[Stored items]
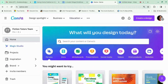Welcome back to Canva Tips for Authors. Today we're going to talk about making a very simple website in Canva. Canva has had the facility to make websites for a while, but there's been some doubt as to whether or not Google will index these websites — and we now know that it does. It's a bit slow, but it does, so it's worth doing.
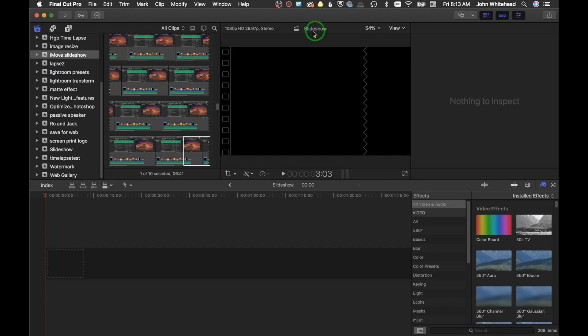Welcome to Final Cut Pro. Today we're going to be going over how to make a slideshow in Final Cut Pro. If you didn't watch the first video where I made the slideshow in iMovie, you can go back and watch that. I'm not going to go back over the sizing options for Final Cut Pro — if you don't know how to size in Photoshop or Lightroom, I'll leave a link to the beginning of that video.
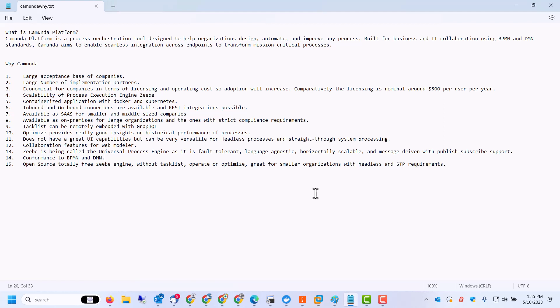And even if you talk about headless engine, the Zeebe is totally free. It's open source, no cost involved. You pay licensing only when you need Operate and Tasklist and Optimize also. So as far as being just a process execution engine, it is totally free.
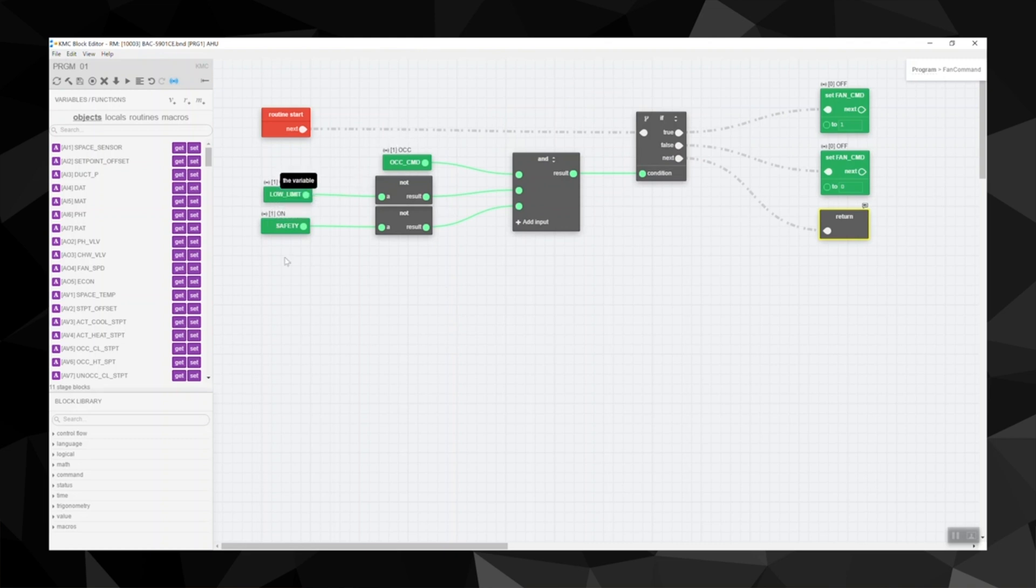The live values are always located just above the blocks, so be careful not to stack your blocks too close to each other. Live values are helpful for when you want to check out your code to make sure everything is working appropriately.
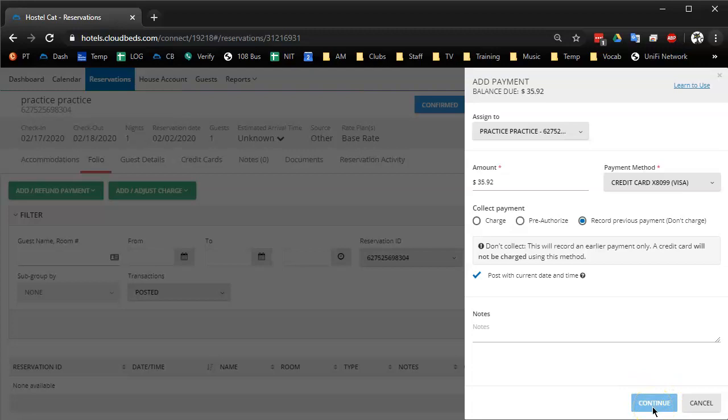Hopefully that's helpful. I know I kind of went all over the place, but I just wanted to show you the different options you could do when taking a payment.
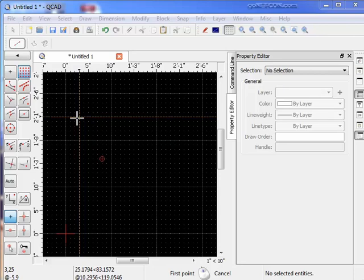In this lesson, we're going to talk about the coordinate system that QCAD uses to place entities on the drawing area.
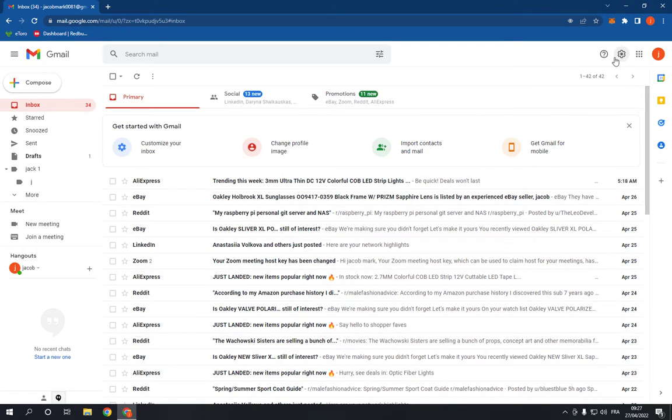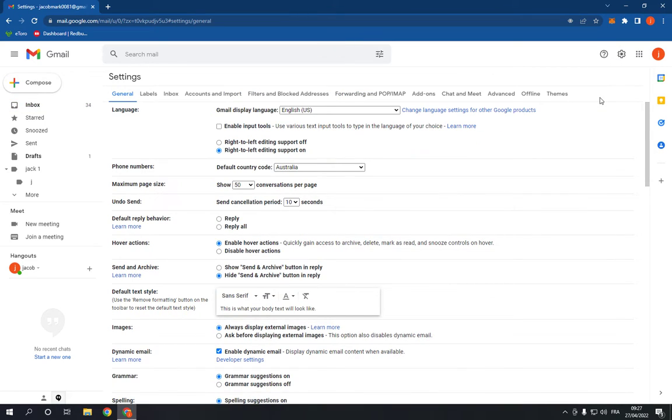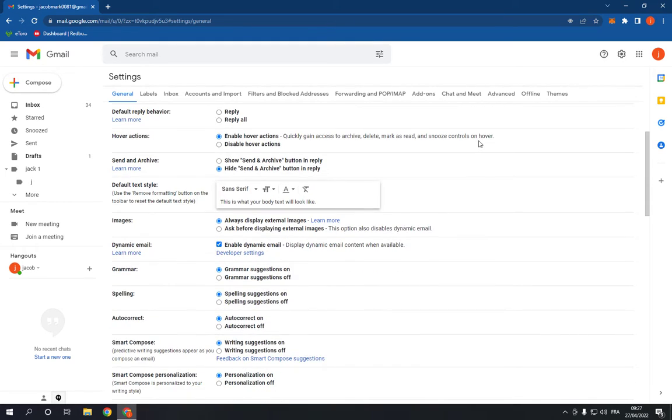Just go here at the top and click on the settings option. Now click on see all settings. It will take you to this page. Now all you have to do is go down until you find the dynamic email option.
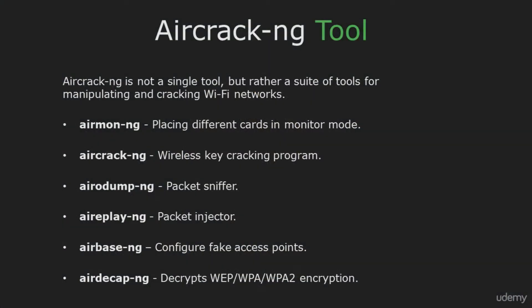Hi and welcome back. In this video I'm going to explain what is Aircrack-ng, packet injection, and how to put your wireless card into monitor mode.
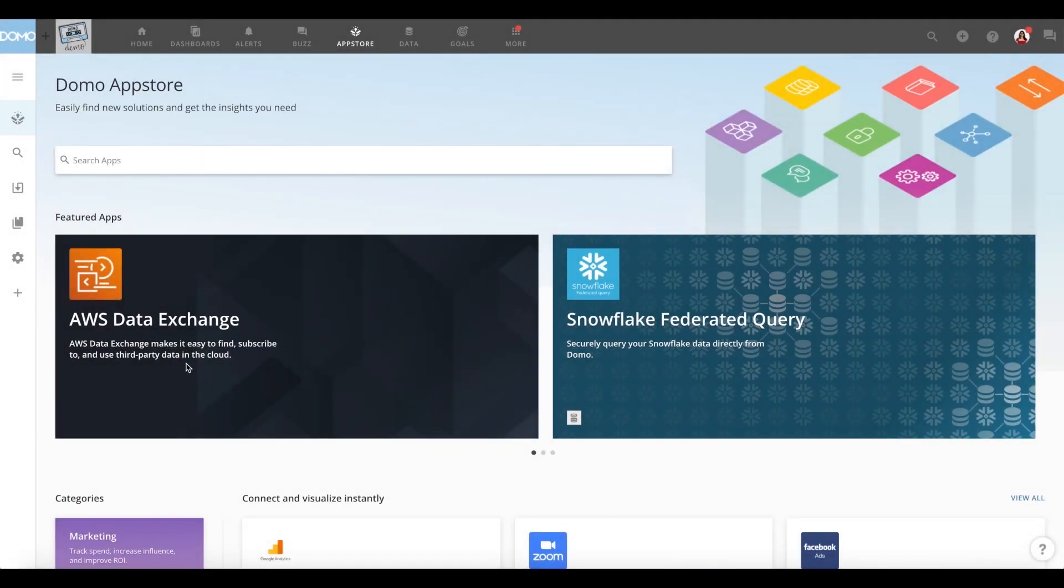Welcome to Domo's App Store. Domo and AWS have partnered to provide our joint customers with access to thousands of data products, which you can quickly turn into stunning insights to take action.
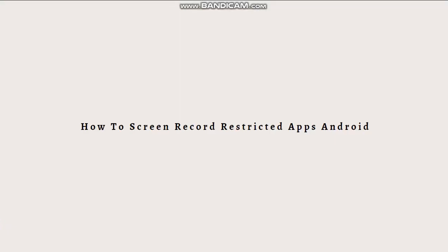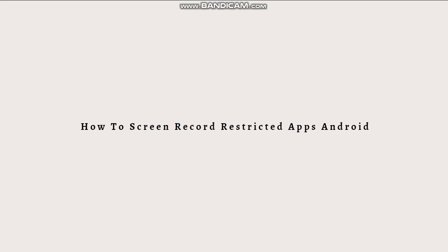Hi and welcome back to another video. Today I'm going to teach you how to screen record restricted apps on Android. Screen recording restricted apps on Android can be challenging because many apps have implemented security measures to prevent unauthorized recording.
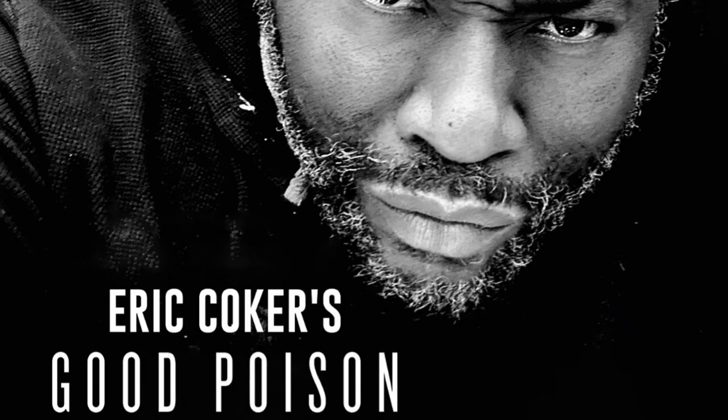So that's what I have. Mains, watch two episodes, casuals, watch one episode. And that's what I have for Eric Coker's Good Poison, now showing on Tubi. Give it a watch.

## Work order
Retype the entries word for word. Omit any images.

## Your response
Welcome back to Canva Tips for Authors. Today we're going to talk about making a very simple website in Canva. Canva has had the facility to make websites for a while, but there's been some doubt as to whether or not Google will index these websites — and we now know that it does. It's a bit slow, but it does, so it's worth doing.
Welcome to Final Cut Pro. Today we're going to be going over how to make a slideshow in Final Cut Pro. If you didn't watch the first video where I made the slideshow in iMovie, you can go back and watch that. I'm not going to go back over the sizing options for Final Cut Pro — if you don't know how to size in Photoshop or Lightroom, I'll leave a link to the beginning of that video.
And even if you talk about headless engine, the Zeebe is totally free. It's open source, no cost involved. You pay licensing only when you need Operate and Tasklist and Optimize also. So as far as being just a process execution engine, it is totally free.
The live values are always located just above the blocks, so be careful not to stack your blocks too close to each other. Live values are helpful for when you want to check out your code to make sure everything is working appropriately.
Hopefully that's helpful. I know I kind of went all over the place, but I just wanted to show you the different options you could do when taking a payment.
In this lesson, we're going to talk about the coordinate system that QCAD uses to place entities on the drawing area.
Just go here at the top and click on the settings option. Now click on see all settings. It will take you to this page. Now all you have to do is go down until you find the dynamic email option.
Hi and welcome back. In this video I'm going to explain what is Aircrack-ng, packet injection, and how to put your wireless card into monitor mode.
Welcome to Domo's App Store. Domo and AWS have partnered to provide our joint customers with access to thousands of data products, which you can quickly turn into stunning insights to take action.
Hi and welcome back to another video. Today I'm going to teach you how to screen record restricted apps on Android. Screen recording restricted apps on Android can be challenging because many apps have implemented security measures to prevent unauthorized recording.
So that's what I have. Mains, watch two episodes, casuals, watch one episode. And that's what I have for Eric Coker's Good Poison, now showing on Tubi. Give it a watch.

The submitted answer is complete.